Let's examine a corporate merger case. Company A owes Company B one million yuan and Company C five hundred thousand yuan. Meanwhile, Company B owes Company D eight hundred thousand yuan in rent. Company D plans to merge with Company A. There are two main types of corporate mergers: absorption merger, where one company absorbs another, and new establishment merger, where both companies cease to exist and form a new entity. Understanding these merger types is crucial for analyzing the legal implications of this case.
Let's analyze option A, which states that both companies' legal entity status disappears after merger. This is not always correct. In an absorption merger, only the absorbed company loses its legal status while the absorbing company continues to exist. However, in a new establishment merger, both original companies cease to exist and a new legal entity is formed. Since the question doesn't specify the merger type, and absorption merger is more common, option A is incorrect as it doesn't apply universally to all merger types.
Now let's examine option B regarding debt set-off rights. Before the merger, Company A owes Company B one million yuan, while Company B owes Company D eight hundred thousand yuan. After the merger, Company D inherits Company A's debts, creating a situation where Company D owes Company B one million yuan, and Company B simultaneously owes Company D eight hundred thousand yuan. This creates mutual debts between the same parties, which legally allows for debt set-off. Company D can offset eight hundred thousand yuan against the one million yuan debt, leaving only two hundred thousand yuan owed to Company B. Therefore, option B is correct.
Let's analyze option C regarding creditor protection rights. Company C, as a creditor owed five hundred thousand yuan by Company A, has legitimate concerns when Company A undergoes a merger. Corporate law provides creditor protection mechanisms during major structural changes like mergers. Company C has the right to demand security from either Company A before the merger or from Company D as the surviving entity. Alternatively, Company C can request early repayment of the debt. These protection rights ensure that creditors are not disadvantaged by corporate restructuring decisions made without their consent. Therefore, option C is correct.

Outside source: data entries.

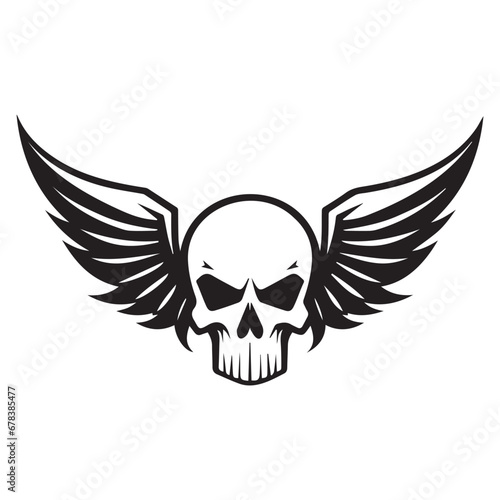 winged skull vector tattoo drawings, ready for print, sticker, eps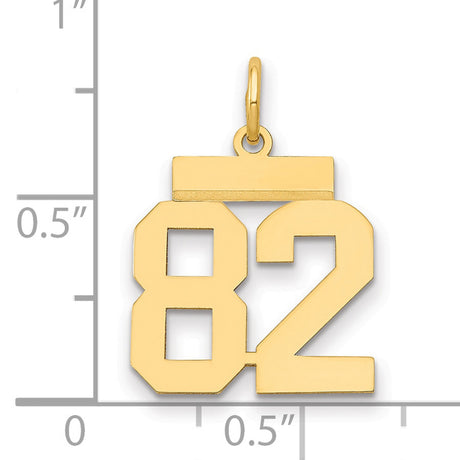 Small Polished Number 82 Charm Pendant in Real 14k Yellow Gold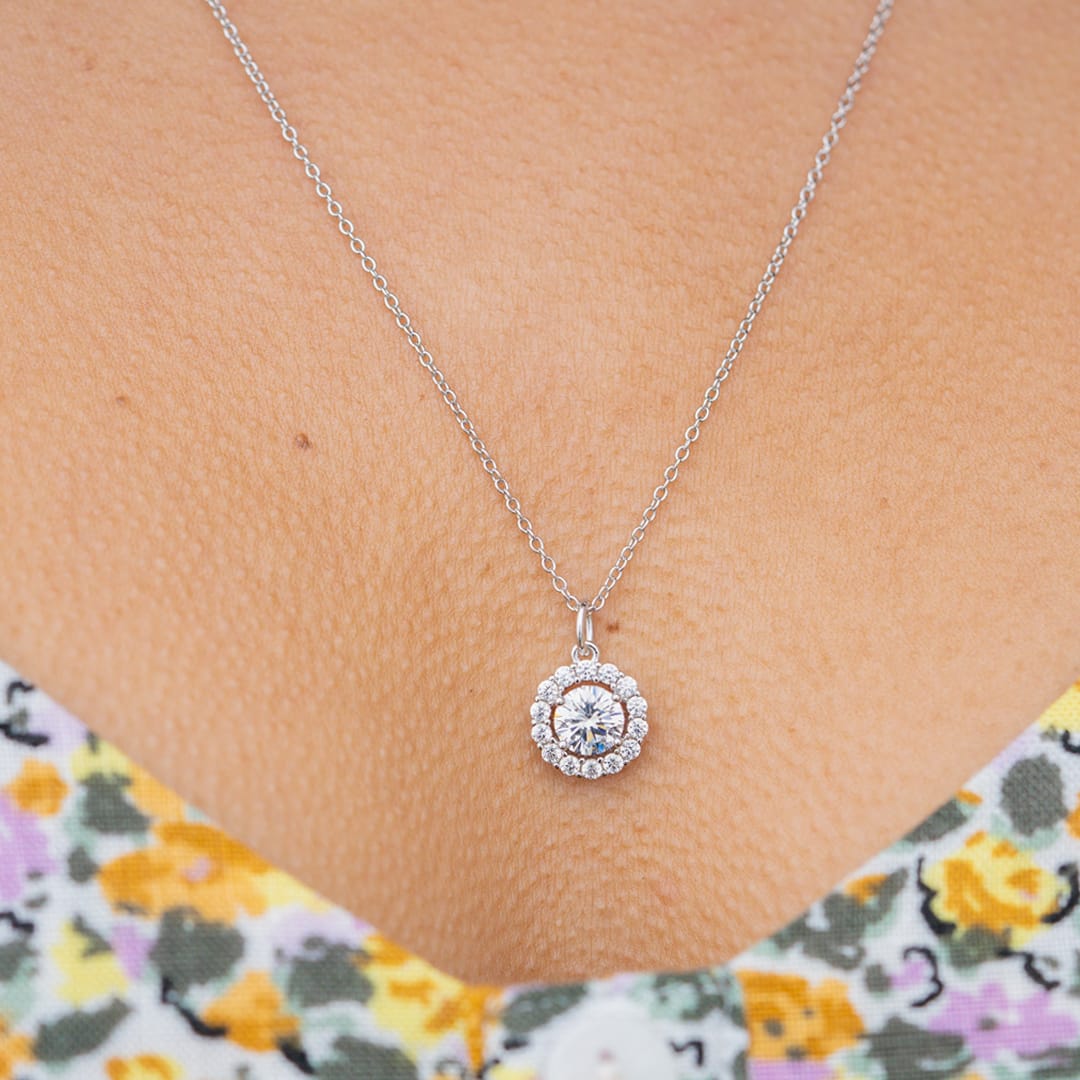 the lily silver necklace on ladies neck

Finally, let's examine option D about decision-making authority. The statement claims that both companies' boards of directors must make merger resolutions. However, this is incorrect. In corporate governance, major decisions like mergers require approval from shareholders' meetings, not just board resolutions. Boards handle management decisions, but structural changes like mergers affect ownership and require ultimate authority approval from shareholders. Therefore, option D is incorrect. In summary, our analysis shows that options B and C are correct. Option B is correct because debt set-off is legally permissible when mutual debts exist after merger. Option C is correct because creditors have protection rights during corporate restructuring. The correct answers are B and C.